Japanese firms eye possible investments in sewage treatment sector
JAPANESE companies are looking into Cebu’s sewage treatment and garbage management sector as a possible area to invest into next year.
Representatives from Yokohama City-based companies such as Amcon, Takematsu Shoji Co., Ltd. and Hinode Sangyo have shown interest in investing into the sector during a recent forum in Cebu City.
Gordon Alan Joseph, Metro Cebu Development Coordinating Board co-chairman, welcomed the possible investments during the Metro Cebu Urban Development Forum on Oct. 30 in Cebu City.
Joseph said waste water management would be the utility that Metro Cebu would have to develop since it would affect much of the industries in Metro Cebu.
Jefferson Benedicto, senior community relations officer of the Metro Cebu Water District (MCWD), also welcomed the investors’ interest in the sector.
Benedicto said that the lone fully-mechanized dislodgement and water treatment facility in Cordova town was not enough to maintain the waters in Metro Cebu.
“We saw the need to upgrade our existing facilities since its capacity cannot sustain the entire city,” said Benedicto.
He is hoping for the facility in Cebu City managed with Amcon to be accredited by the Department of Environment and Natural Resources (DENR) for it to be fully functional.
“The facility near SM City is treating our waters but it is not absolute. The water is still not safe to discharge back to the waterways,” Benedicto said.
Guun Co Ltd., a Yokohama-based waste management company, is also planning to provide an additional water treatment facility and invest in conducting garbage segregation focusing on waste public disposal in Metro Cebu.
Joseph said that these investments would help address Metro Cebu’s waste management problems, which would affect the rest of the local industries including the tourism industry as these investments would also mean cleaner beaches and seas.
Aside from the waste management sector, Japanese urban specialists from Yokohama City discussed during the forum ways on how to solve Metro Cebu’s urban problems such as traffic, wastewater management, and housing, which used to be the problems of Yokohama City in the past.

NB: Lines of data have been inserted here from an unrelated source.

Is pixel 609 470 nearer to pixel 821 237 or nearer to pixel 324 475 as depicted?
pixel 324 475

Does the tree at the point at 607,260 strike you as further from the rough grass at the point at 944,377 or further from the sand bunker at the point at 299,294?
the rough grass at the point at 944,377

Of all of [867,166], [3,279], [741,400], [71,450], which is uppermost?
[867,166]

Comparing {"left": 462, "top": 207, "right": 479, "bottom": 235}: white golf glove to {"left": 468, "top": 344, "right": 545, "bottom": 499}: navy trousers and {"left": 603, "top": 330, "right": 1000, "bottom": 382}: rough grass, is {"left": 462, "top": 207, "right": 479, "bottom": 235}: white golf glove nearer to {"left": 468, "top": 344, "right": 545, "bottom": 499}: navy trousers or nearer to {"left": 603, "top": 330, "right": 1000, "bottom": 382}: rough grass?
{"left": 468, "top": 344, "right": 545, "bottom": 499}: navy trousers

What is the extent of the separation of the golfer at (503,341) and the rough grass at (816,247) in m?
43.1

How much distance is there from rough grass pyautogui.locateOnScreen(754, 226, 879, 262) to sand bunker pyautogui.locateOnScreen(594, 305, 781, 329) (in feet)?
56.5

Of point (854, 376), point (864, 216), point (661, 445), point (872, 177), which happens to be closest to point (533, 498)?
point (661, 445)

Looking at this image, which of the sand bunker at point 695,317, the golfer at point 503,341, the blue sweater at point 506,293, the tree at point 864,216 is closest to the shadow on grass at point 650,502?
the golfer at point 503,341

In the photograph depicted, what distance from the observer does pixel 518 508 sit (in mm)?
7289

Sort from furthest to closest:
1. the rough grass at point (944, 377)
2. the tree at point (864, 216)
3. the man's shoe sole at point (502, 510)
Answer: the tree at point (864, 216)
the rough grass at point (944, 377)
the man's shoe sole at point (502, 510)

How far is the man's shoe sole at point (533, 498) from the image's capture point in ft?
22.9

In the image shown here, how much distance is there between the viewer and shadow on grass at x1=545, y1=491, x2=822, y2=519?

Yuko Okazawa, an urban specialist from the Tokyo Development Learning Center (TDLC) of the World Bank, said that Metro Cebu is not a hopeless case and by shifting the vision of the entire city into one goal owned by the citizens, developmental projects can go beyond mayoral terms and can last half a decade the way it did for Yokohama.
“The simple story of the projects came into one and they (Yokohama officials) made sure it was owned by the people. It is critical that the citizens become the governors of this vision,” said Okazawa.
Okazawa proposed a strategy to the Metro Cebu Development Coordinating Board (MCDCB) which includes using selective project-based approach, using clear long-term vision with flexible approaches, working on cross-sectoral coordination, and pushing for community-based movements.
She added that Yokohama City is eager to be in partnership with Metro Cebu for development and help through sharing of knowledge and resources.
“If Yokohama can do it, why can’t we?” said Joseph, co-chairman of MCDCB.
Joseph said it would be high time for Metro Cebu to solve the problems brought by population densification and learn from the best practices of Yokohama.
“The time is now, we cannot wait any longer. With Yokohama’s knowledge and experience and everything they impart, we will be foolish not to adopt what they are sharing with us,” said Joseph.